I have found this retrospection revealing, both personally and philosophically. Perhaps by re-tracing the path along which my ideas have emerged and developed, I can offer the best commentary on that work and a suitable complement to that of my collaborators. And it would not have been possible to do this, much less appropriate, if I had not gained a certain confidence in where I have arrived.
* * *
As a child, my experiences of landscape and of the arts, especially music, began my aesthetic education. These were occasional, erratic, and unguided, but they aroused in me a fascination with the magical quality of musical sound and the evocative ability of simple drawings, as well as of the boundless beauties of nature. Simple curiosity about the effects of music, literature, and visual representation led me to wonder about their strange power. Sporadic as these experiences were, their aesthetic energy has continued their influence, affecting the development of my ideas about art and the aesthetic.

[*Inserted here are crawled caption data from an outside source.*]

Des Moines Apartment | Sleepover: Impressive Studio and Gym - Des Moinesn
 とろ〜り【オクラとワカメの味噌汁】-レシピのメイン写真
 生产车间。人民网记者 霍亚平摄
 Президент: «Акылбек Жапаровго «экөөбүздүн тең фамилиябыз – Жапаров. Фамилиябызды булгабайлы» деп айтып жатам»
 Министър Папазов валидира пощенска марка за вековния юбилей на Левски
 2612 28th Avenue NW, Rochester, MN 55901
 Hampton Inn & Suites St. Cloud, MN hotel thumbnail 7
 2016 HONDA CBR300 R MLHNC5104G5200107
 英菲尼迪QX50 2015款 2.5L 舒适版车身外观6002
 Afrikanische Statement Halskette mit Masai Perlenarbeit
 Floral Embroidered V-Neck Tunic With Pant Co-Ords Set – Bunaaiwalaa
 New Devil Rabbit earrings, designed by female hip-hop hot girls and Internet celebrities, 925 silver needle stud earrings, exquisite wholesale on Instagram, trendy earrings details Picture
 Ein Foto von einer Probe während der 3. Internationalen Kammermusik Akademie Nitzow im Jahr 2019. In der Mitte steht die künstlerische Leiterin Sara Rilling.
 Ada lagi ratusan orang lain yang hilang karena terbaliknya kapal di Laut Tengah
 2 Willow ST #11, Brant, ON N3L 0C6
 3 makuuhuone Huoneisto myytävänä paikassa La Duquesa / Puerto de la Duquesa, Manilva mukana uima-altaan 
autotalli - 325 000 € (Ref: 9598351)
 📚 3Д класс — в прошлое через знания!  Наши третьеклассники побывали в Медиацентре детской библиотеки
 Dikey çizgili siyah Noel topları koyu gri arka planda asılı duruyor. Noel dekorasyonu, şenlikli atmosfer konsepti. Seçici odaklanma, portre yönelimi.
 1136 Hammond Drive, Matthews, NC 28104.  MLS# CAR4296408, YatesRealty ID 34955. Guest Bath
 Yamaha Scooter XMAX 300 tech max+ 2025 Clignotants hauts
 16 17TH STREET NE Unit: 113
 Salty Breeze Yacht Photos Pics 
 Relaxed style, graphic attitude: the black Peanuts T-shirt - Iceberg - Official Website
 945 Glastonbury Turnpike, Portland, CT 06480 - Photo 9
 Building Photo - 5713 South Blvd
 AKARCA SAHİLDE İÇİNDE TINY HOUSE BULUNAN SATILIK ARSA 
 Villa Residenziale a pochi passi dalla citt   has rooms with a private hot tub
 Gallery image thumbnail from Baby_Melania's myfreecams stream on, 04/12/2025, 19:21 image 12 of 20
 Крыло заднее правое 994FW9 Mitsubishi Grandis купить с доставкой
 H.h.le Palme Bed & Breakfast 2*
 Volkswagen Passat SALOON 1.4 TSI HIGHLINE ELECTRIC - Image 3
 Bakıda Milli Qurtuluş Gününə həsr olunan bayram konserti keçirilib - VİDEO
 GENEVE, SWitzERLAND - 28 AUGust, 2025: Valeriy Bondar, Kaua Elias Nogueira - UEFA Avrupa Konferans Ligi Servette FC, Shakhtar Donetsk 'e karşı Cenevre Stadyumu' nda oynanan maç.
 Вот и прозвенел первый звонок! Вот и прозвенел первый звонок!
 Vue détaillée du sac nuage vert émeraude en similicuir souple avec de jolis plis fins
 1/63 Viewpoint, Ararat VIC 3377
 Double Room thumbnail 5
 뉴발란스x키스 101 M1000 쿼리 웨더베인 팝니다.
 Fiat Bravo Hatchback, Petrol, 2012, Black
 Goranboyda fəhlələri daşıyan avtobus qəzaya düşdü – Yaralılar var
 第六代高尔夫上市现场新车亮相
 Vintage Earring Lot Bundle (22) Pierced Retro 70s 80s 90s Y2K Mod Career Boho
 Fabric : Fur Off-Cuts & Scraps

I came to philosophical aesthetics indirectly, for my fascination with the arts centered around music, and I began my higher education not by attending university but rather a music conservatory, focusing on music composition and theory, and on piano. My active practice of music has continued without interruption to the present, but it is only recently that I have begun to realize how profound has been its influence on my theoretical understanding. The emphasis I have always placed on setting, on perceptual immediacy, and on art’s basic non-cognitivism can be traced, I think, to musical experience. Early in my reflections on art, the idea began to develop that the experience is not a purely internal, subjective state but is highly complex, occurring in a situation in which many factors combine to form its distinctive character. The idea in theoretical physics of a field of forces was suggestive, and it led me to think of this context as an aesthetic field, identifying its principal components as an appreciative factor (a perceiver), a focal factor (an object or focus of perception), a creative factor (an artist), and a performative factor (a performer or activator). Essential in this concept is that all the factors are in reciprocal interaction under the influence of cultural, technological, material, social, historical, and other such conditions.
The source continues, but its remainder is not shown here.